If the change is constant, then there is a linear relationship between the variables.

So we might look at how if distance increases at a constant rate over time, that means we have a constant speed.

So we're looking at the rate of change of distance with respect to the time that that takes.

So we're gonna start then at looking at distance-time graphs.

So distance-time graphs are a type of graph which model the distance an object travels with respect to time.

You may well have come across these before.

Because we are modelling the distance moved as time progresses, we plot time on the x-axis.

Now, it's always useful to be aware of the units of time that you're working with, 'cause this could be seconds, minutes, hours, so just make sure you're taking note of that when you're working with these graphs.

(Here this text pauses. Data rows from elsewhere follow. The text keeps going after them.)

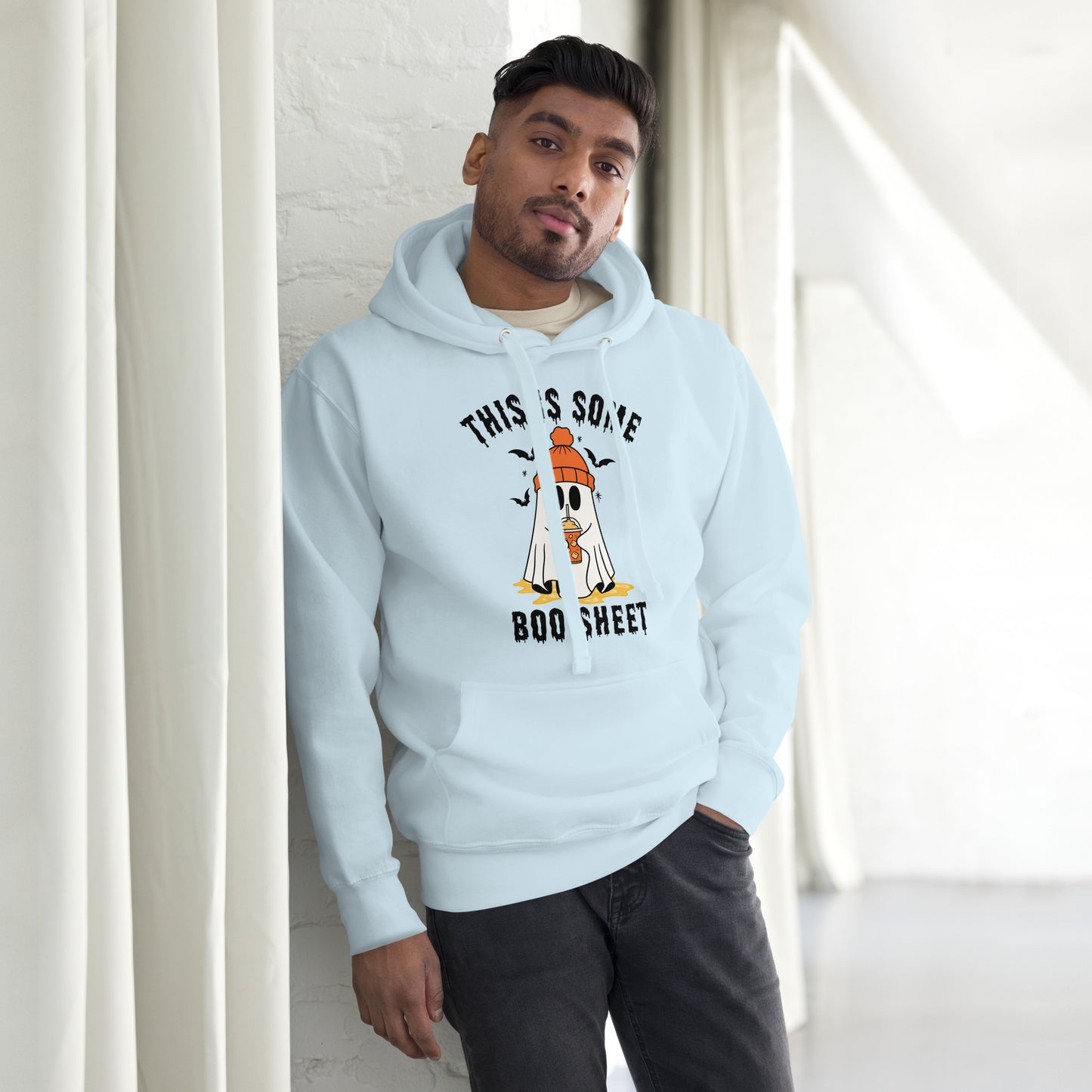 This is Some Boo Sheet, Ghost Humor, Halloween Unisex Hoodie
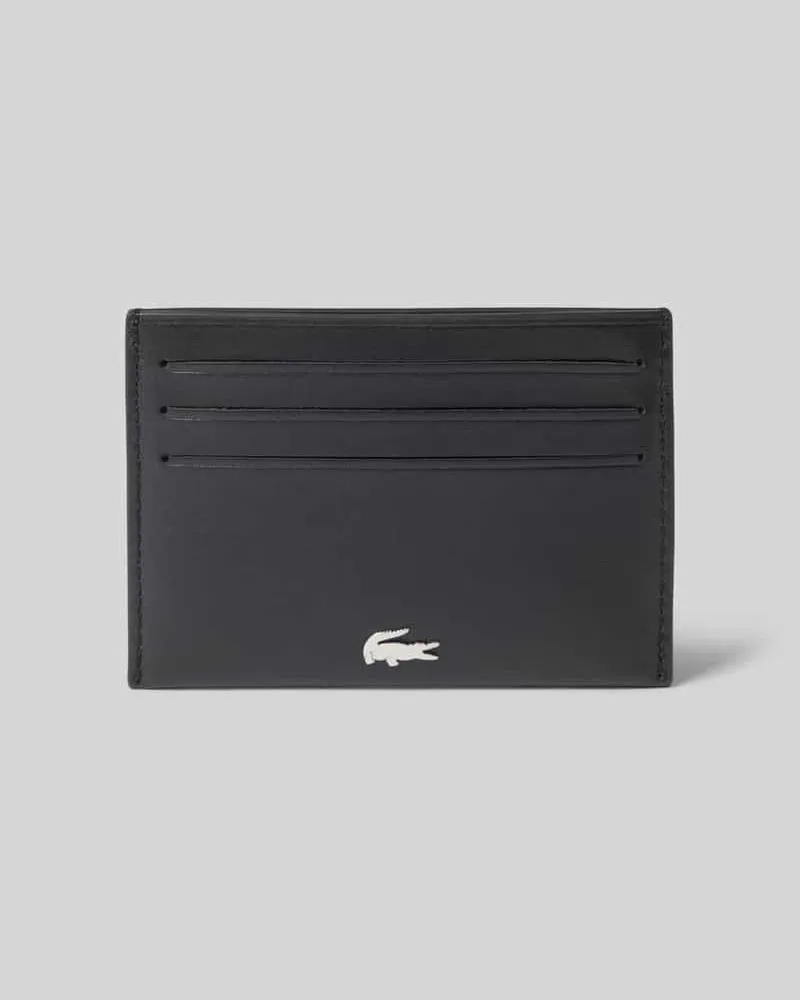 Lacoste Kartenetiu aus echtem Leder 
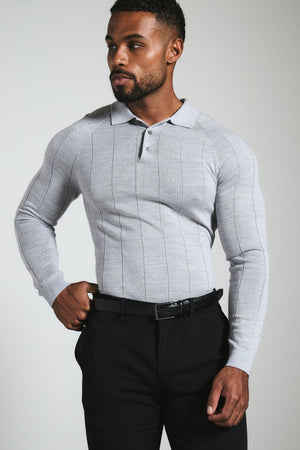Muscle Fit Essential Trousers in Black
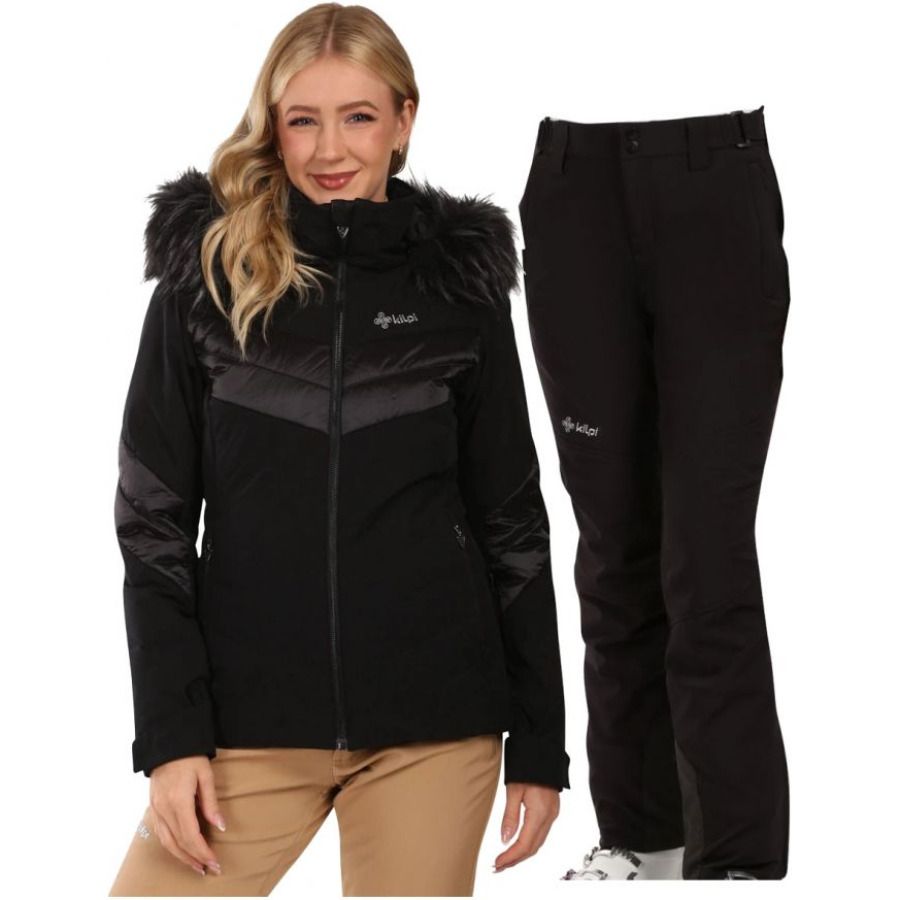 Kilpi Lin/Rhea skisæt, dame, sort Kilpi Lin/Rhea skisæt, dame, sort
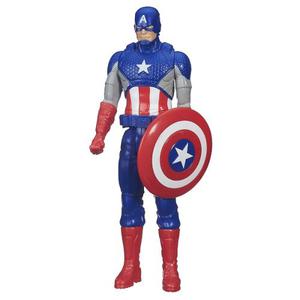 Capitan America De Hasbro 100% Original - Serie Titan Hero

Then we plot distance on the y-axis.

And again, these lots of different units that we could use here, so make sure you know what you're working with.

So we can use these to model scenarios.

The idea with modelling is it might not be a perfect model, but it gives us a general idea of what is happening in a real-life situation.

Real-life situations don't always fit exactly with pure mathematics, but we can model them closely so that we can use our math skills to solve problems. So here Aisha has recorded data from a recent jog and she has modelled it as a straight line on a distance-time graph.

So what would this point represent on her graph? What do you think? That's it, it tells us that she ran a total of 2000 metres in 10 minutes.

You could write that as two kilometres in 10 minutes.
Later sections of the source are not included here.